“Reading research papers is something most PhD students learn via osmosis”. This article will summarise an approach by Prof. Andrew Ng on reading academic literature.


Approach

Consider a project-based scenario where in order to accomplish a goal, there needs to be some research performed on a subject before a possible solution is designed. The objective is to gain insight on past proposals, latest developments and existing challenges in the subject.

Perform the following steps:

  1. Compile a list of papers (arxiv, Medium/blogs, GitHub)

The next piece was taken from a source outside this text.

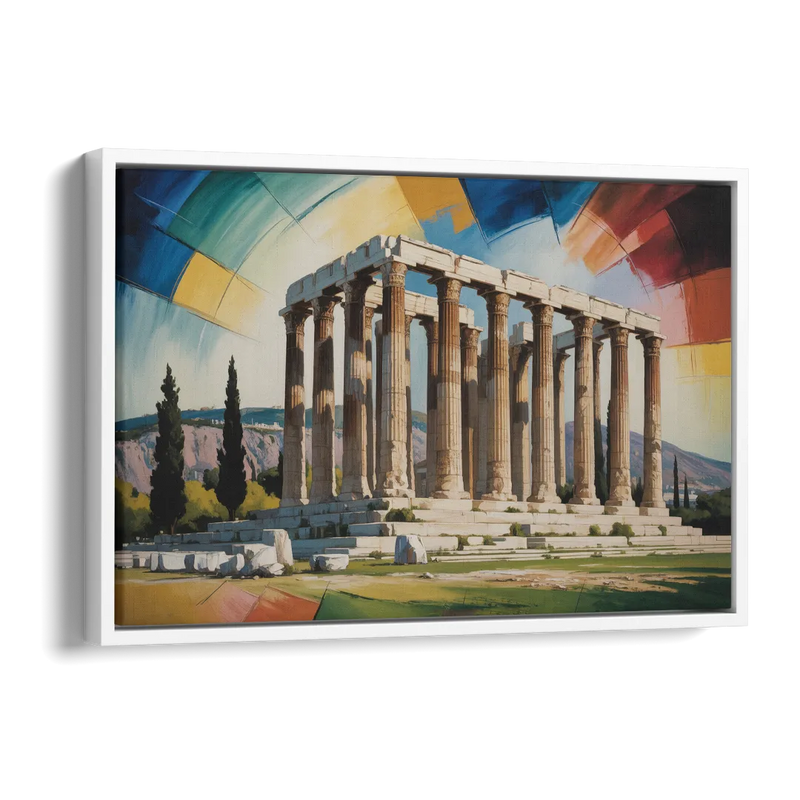 Temple of Olympian Zeus Side - White Canvas Wall Art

  2. Read around the list. The progress of the articles often looks like this:

    Research Progress

  3. The following can be used as general guidelines to the extent of research and what it would imply

    1. 15-20 papers: This implies a basic understanding of an area (eg. speech recognition).
    2. 50-100 papers: This implies a very good understanding of an area (cutting-edge or close to mastering).

Reading a Single Paper

A single paper is read in multiple passes, this is done as all papers are split into sections which could be useful for understanding the objective and results of the research.

A bad way to read a paper is to start from the first word and end at the last. - Andrew Ng

  1. First Pass: Title, Abstract, Figures

    This is enough to get a good sense of the problem statement and a general overview of what the paper is about with minimal reading.

  2. Second Pass: Introduction, Conclusion, Figures, Skim the rest

    Usually the abstract, introduction and conclusion gives a very clear summary of the purpose of the paper. After this, skim the rest of the paper. Generally the related work section is difficult to understand and usually filled with a lot of different work that may not entirely be relevant.

  3. Third Pass: Read everything but skip the math

    It’s easier to gain a theoretical understanding before deep diving into the math that makes it work (think Feynman technique). Go for the efficient high information content first and hard material later.

  4. Fourth Pass: Read everything but skip parts that don’t make sense

    Sometimes scholarly articles are published at the boundaries of our knowledge and bleeding-edge research at the time might be irrelevant in the current day. These parts can be skimmed or more time could be spent if mastering/deep researching is the goal.